The SEC has approved a rule to strip executive compensation of companies that need to materially correct financial statements, raising the bar for Corporate America’s highly paid CEOs.
“Corporate executives are often compensated based on the performance of the companies they lead, with factors that may include revenue and business profits,” SEC Chair Gensler said in a statement. “If the company makes a material error in preparing the financial statements required under the securities laws, however, an executive may receive compensation for reaching a milestone that in reality never occurred. If such inaccuracies are due to fraud, error, or any other reason, today’s rules will implement procedures that require issuers to recover the wrongly awarded pay, a process known as a ‘clawback. ‘”
The vote, which passed along party lines 3 to 2, took place at Wednesday’s Open Commission Meeting.

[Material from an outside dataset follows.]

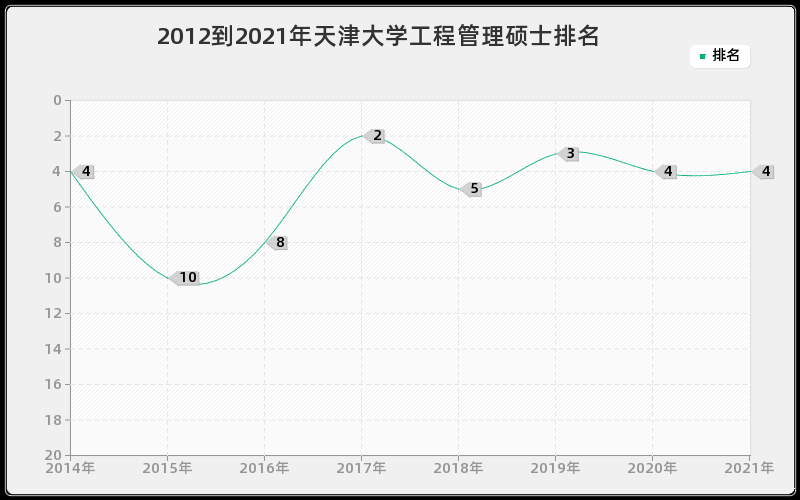 2012到2021年天津大学工程管理硕士排名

The Dodd-Frank Wall Street Reform and Consumer Protection Act, enacted in July 2010 during the Great Financial Crisis, mandated that the SEC adopt rules directing national securities exchanges to require policies on clawback as part of their listing criteria. The SEC first proposed this clawback rule in 2015 and reopened it for public comment in 2021 and 2022 to take into account recent changes in markets and how companies issue restatements.
The new rule will require US-listed companies to put in place a plan for the recovery of incentive-based compensation paid to its current or former executive officers in situations where an issuer is required to restate its financial statement.

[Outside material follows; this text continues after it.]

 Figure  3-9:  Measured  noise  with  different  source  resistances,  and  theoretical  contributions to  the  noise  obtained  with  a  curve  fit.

The SEC will also require that national securities exchanges create standards that will enforce and comply with exchange-listed companies’ clawback policy and will require issuers to provide details about the policies implemented.
The rule will take full effect in one year and two months unless issuers comply sooner.
When asked if he thought companies could change executive compensation to avoid clawbacks, Gensler replied, “I don’t share the view that companies can move toward more pay. It might change how they do it, but it would better align it with incentives that you don’t get paid for mistakes…I think boards would prefer to have incentive pay based on sound financials and remove any possible incentives to have corrupt finances. It is better aligned with incentives.
Although the SEC is committed to cracking down on financial restatements and better aligning that with financial incentives, since their peak in 2006, the number of annual financial restatements has declined by more than 80%, according to Audit Analytics. 2020 saw the lowest percentage of companies disclosing financial restatements in 20 years with only 4.9% of companies disclosing past financial statements, compared to 6.8% in 2019 and 17% at a peak in 2006 .
Also on Wednesday, the SEC is set to adopt a rule that will simplify shareholder reports to help retail investors better understand the performance of mutual funds and exchange-traded funds.
The SEC will require funds to provide investors with a 3-4 page report instead of 100 pages, combining information that highlights the fund’s expenses, performance, holdings, and any material changes. Investors will still have access to all necessary information, including full financial statements online.
This post was updated after the vote took place.